== Segment start ==
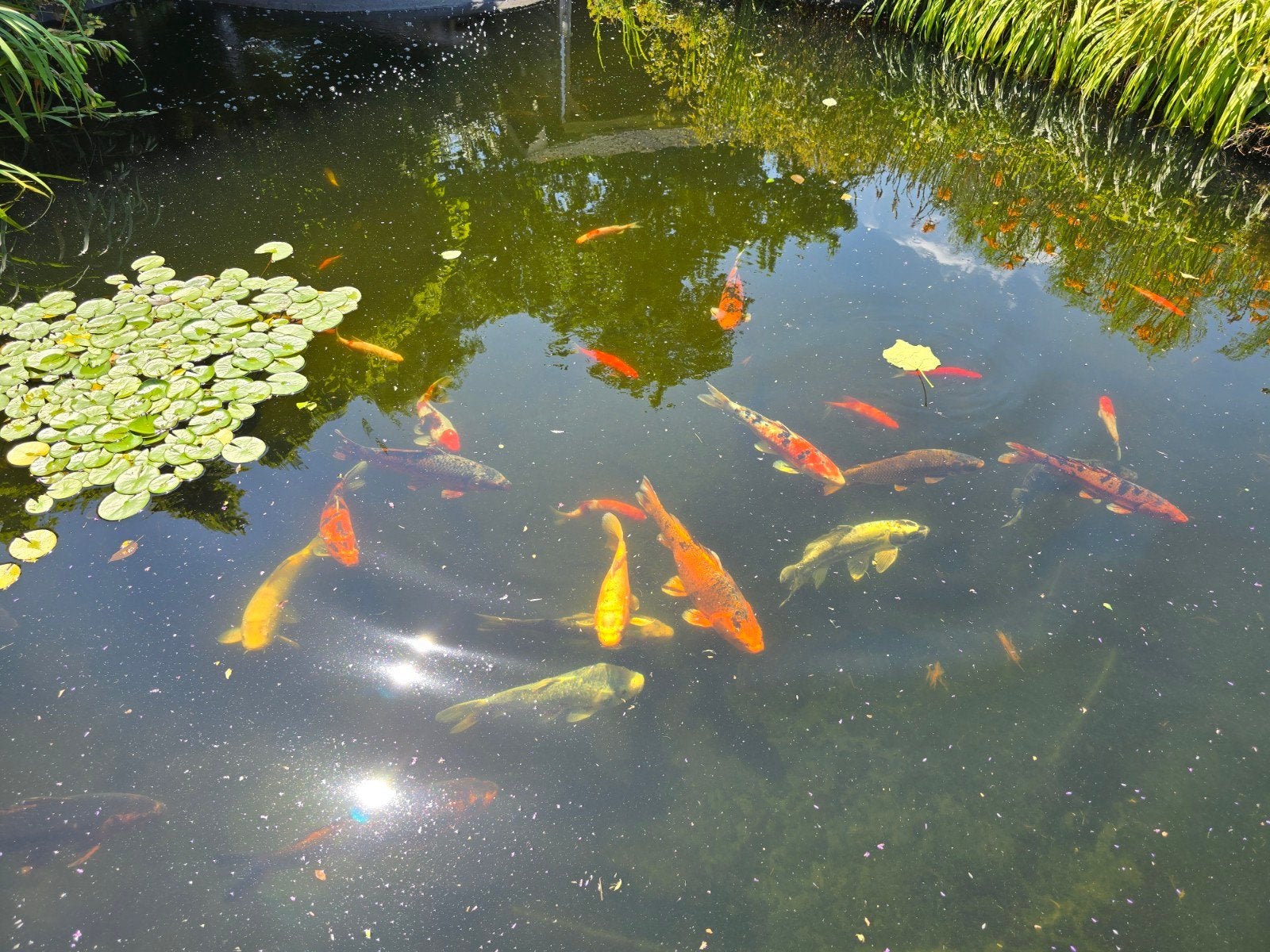 koi's, Dieren en Toebehoren, Vissen | Vijvervissen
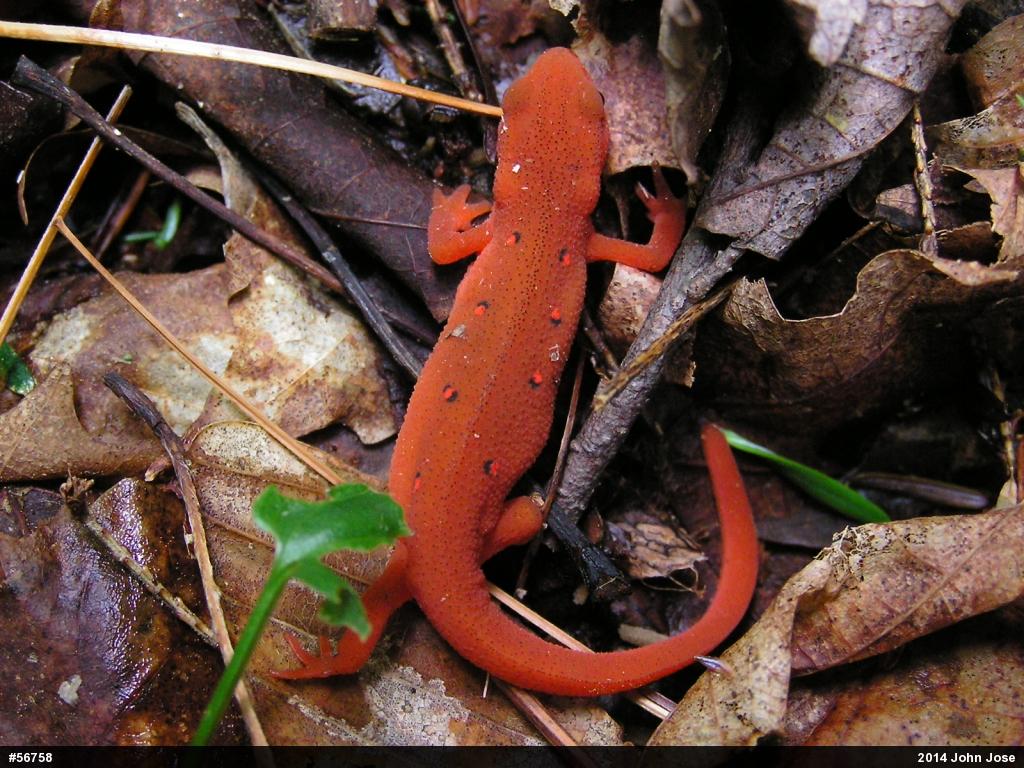 Red-spotted Newt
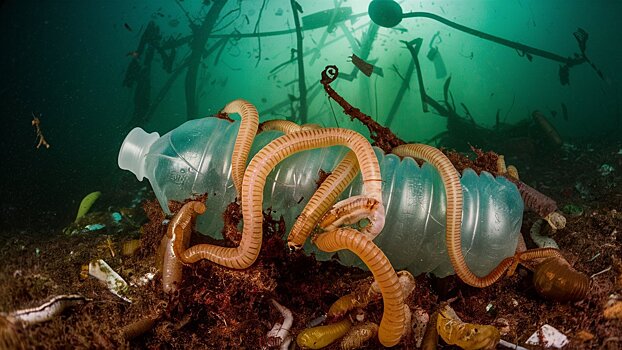 В России предложили замкнутый цикл переработки мусора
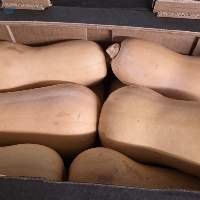 Butter Nuts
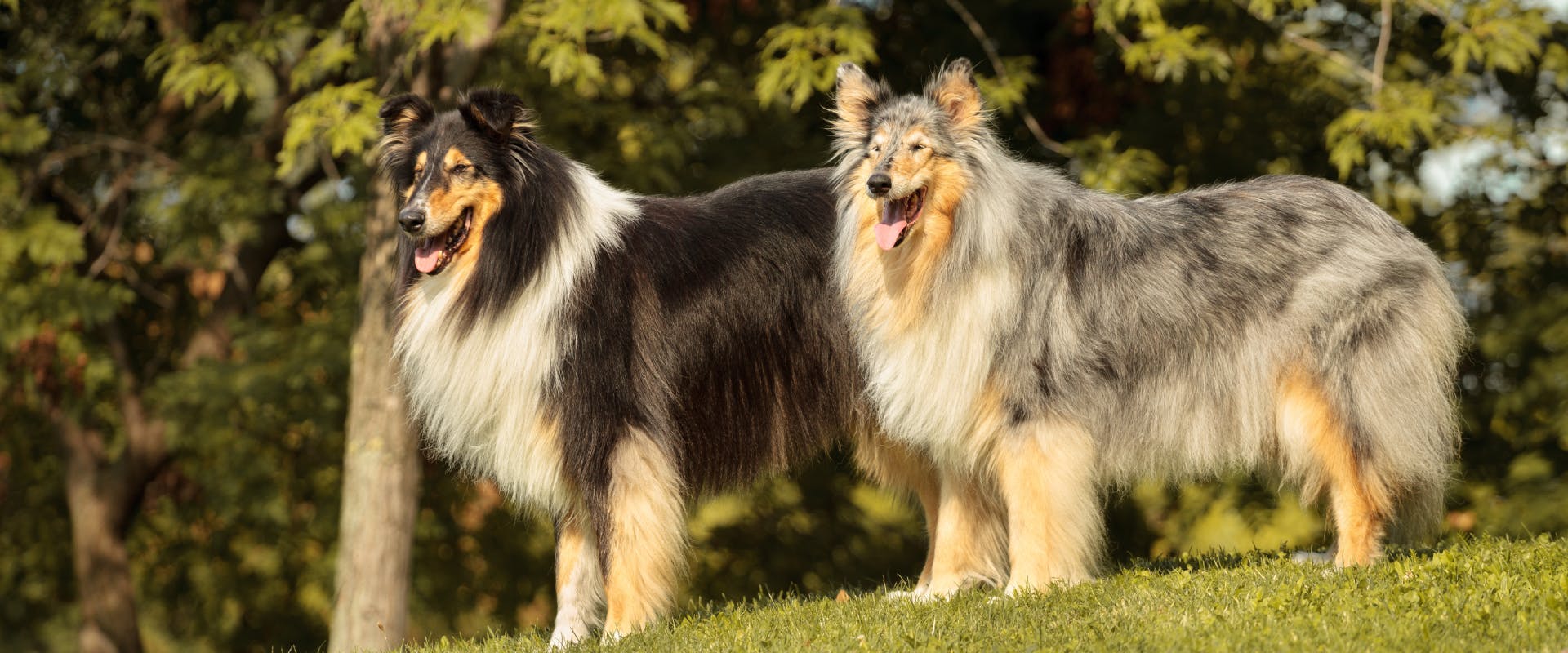 two rough collie dogs, one with a tri-colored coat and another with a blue merle coat, stood on a hill in a park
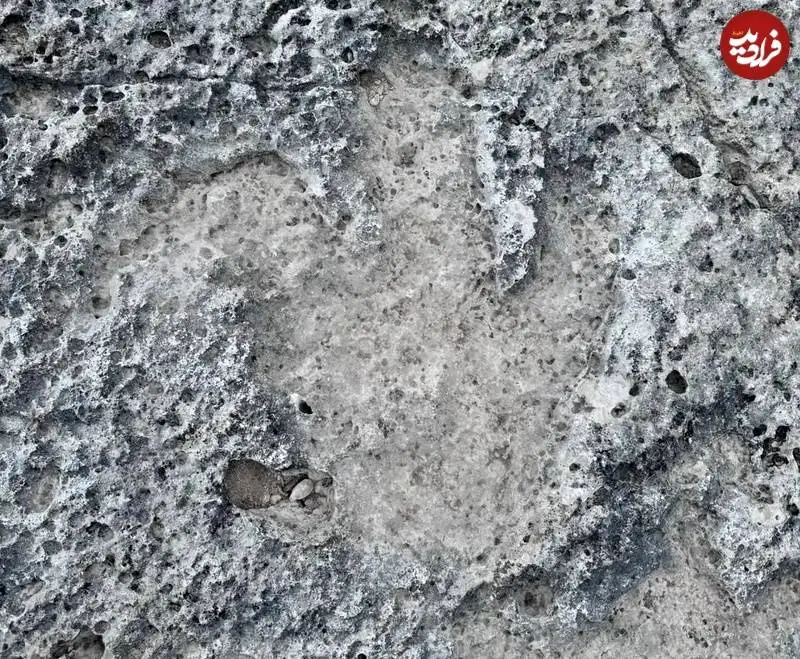 ردپای هیولاهای گوشتخوار 115 میلیون ساله در اثر سیلاب از زیر خاک بیرون آمد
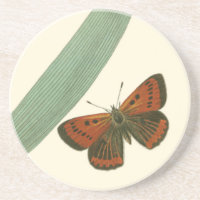 Colourful Butterflies Fluttering Around a Leaf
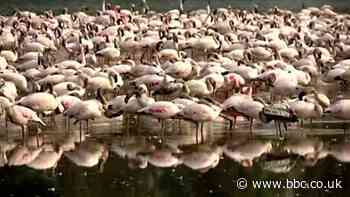 Migrating flamingos turn Mumbai lakes into 'sea of pink'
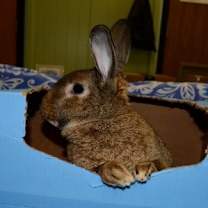 Thumbnail photo of Denise #2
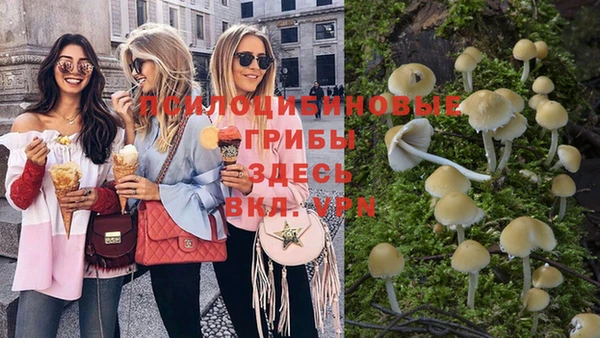 индика Алзамай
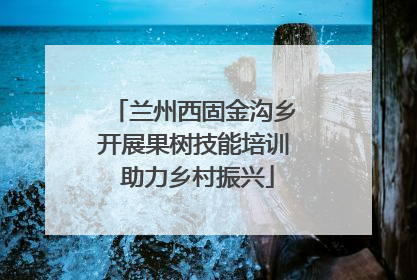 兰州西固金沟乡开展果树技能培训 助力乡村振兴
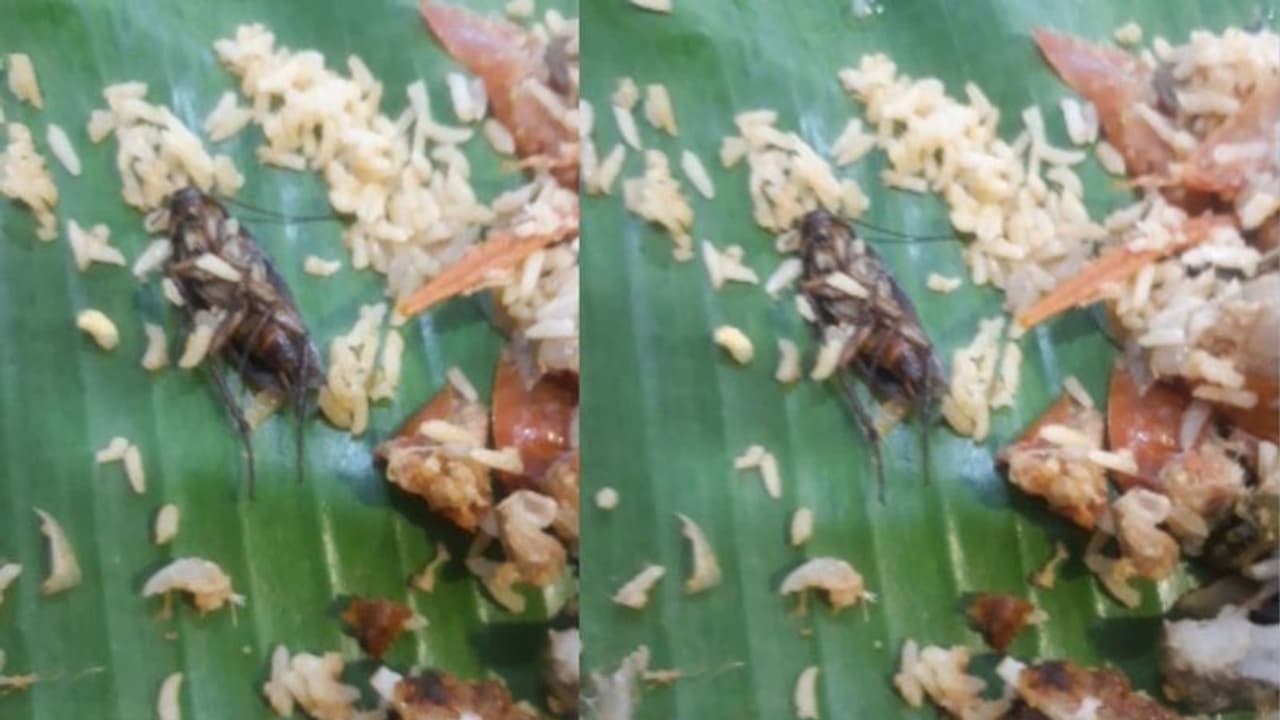 அதிர்ச்சி!! மட்டன் பிரியாணியில் கரப்பான் பூச்சி.. இரண்டு உயிர்களை காவு வாங்கிய பின்பும் தொடரும் அவலம்.. அதிர்ச்சி!! மட்டன் பிரியாணியில் கரப்பான் பூச்சி.. இரண்டு உயிர்களை காவு வாங்கிய பின்பும் தொடரும் அவலம்..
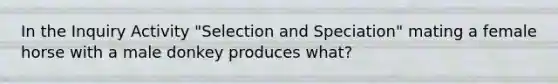 In the Inquiry Activity "Selection and Speciation" mating a female horse with a male donkey produces what?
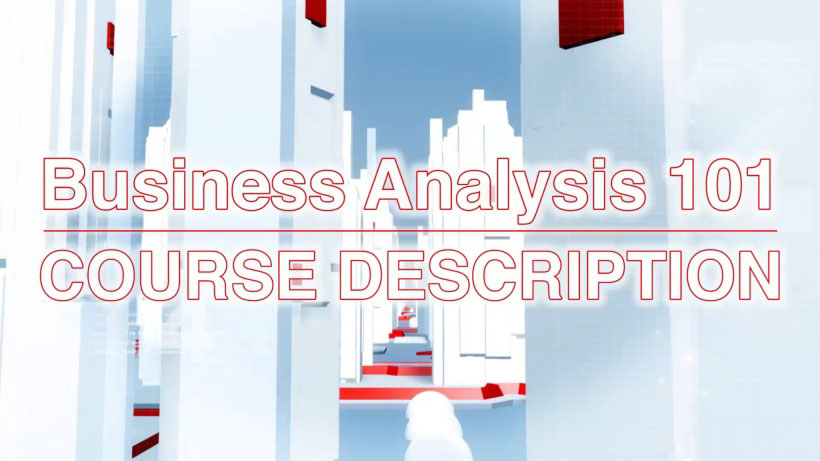 View Business Analysis Video Demonstration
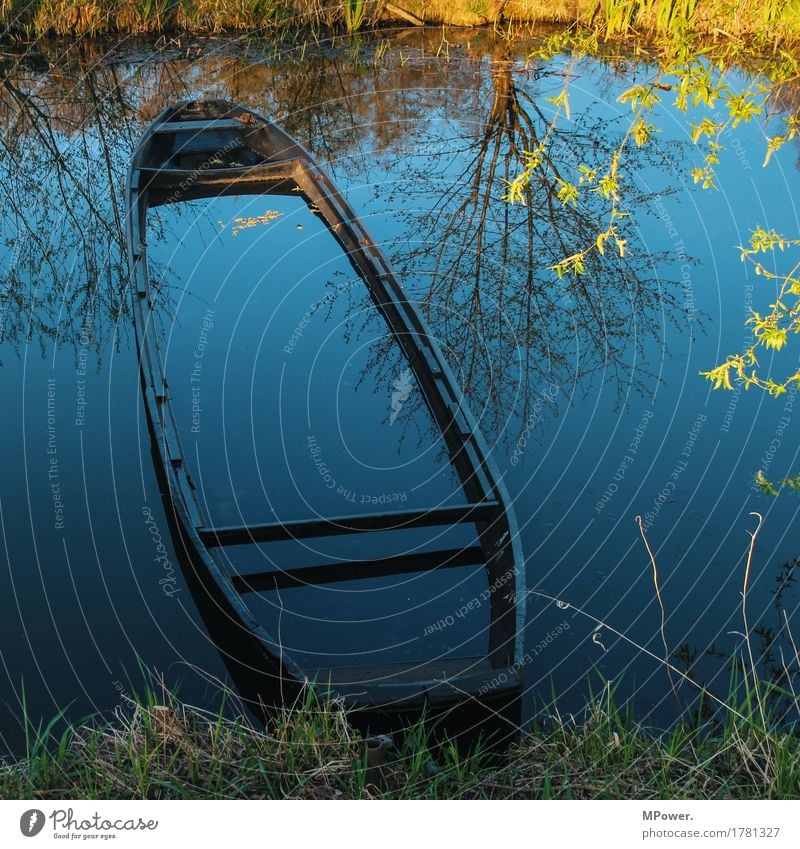 herbst an der spree Natur Herbst Pflanze Seeufer Flussufer nass Wasserfahrzeug Spree Spreewald untergehen Wasseroberfläche Fischerboot Baum alt kaputt Farbfoto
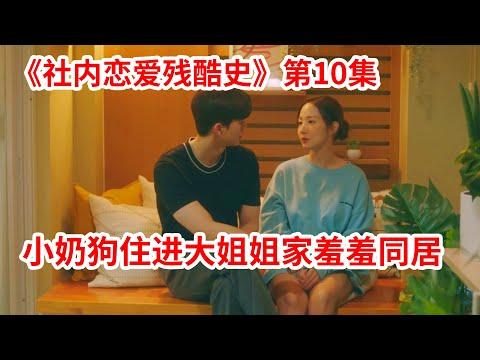 【脑弟】奶狗住进大姐姐家！不结婚还疯狂撩！大姐姐急了！爱情剧《气象厅的人们：社内恋爱残酷史》第10集！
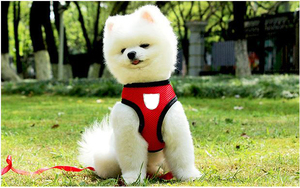 สายจูงสัตว์เลี้ยงลายสัตว์แบบเรียบง่าย พร้อมหัวเข็มขัดปรับได้ กันน้ำ สะท้อนแสง มีกระดิ่งเล็ก - Product Image 3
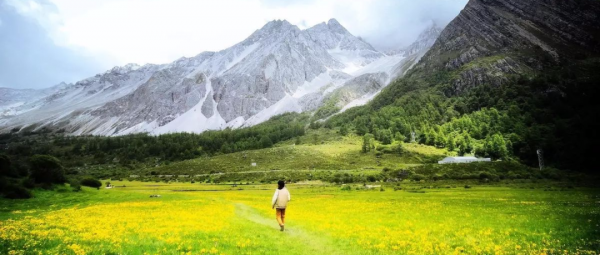 為什麼要去香格里拉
== Segment end ==
# INSTRUCTIONS TO FOLLOW
Skip the pictures; extract only the lines from the line with "Product Image 3" through the final line of the material, exactly as they appear.

# EXERCISE RESPONSE
 สายจูงสัตว์เลี้ยงลายสัตว์แบบเรียบง่าย พร้อมหัวเข็มขัดปรับได้ กันน้ำ สะท้อนแสง มีกระดิ่งเล็ก - Product Image 3
 為什麼要去香格里拉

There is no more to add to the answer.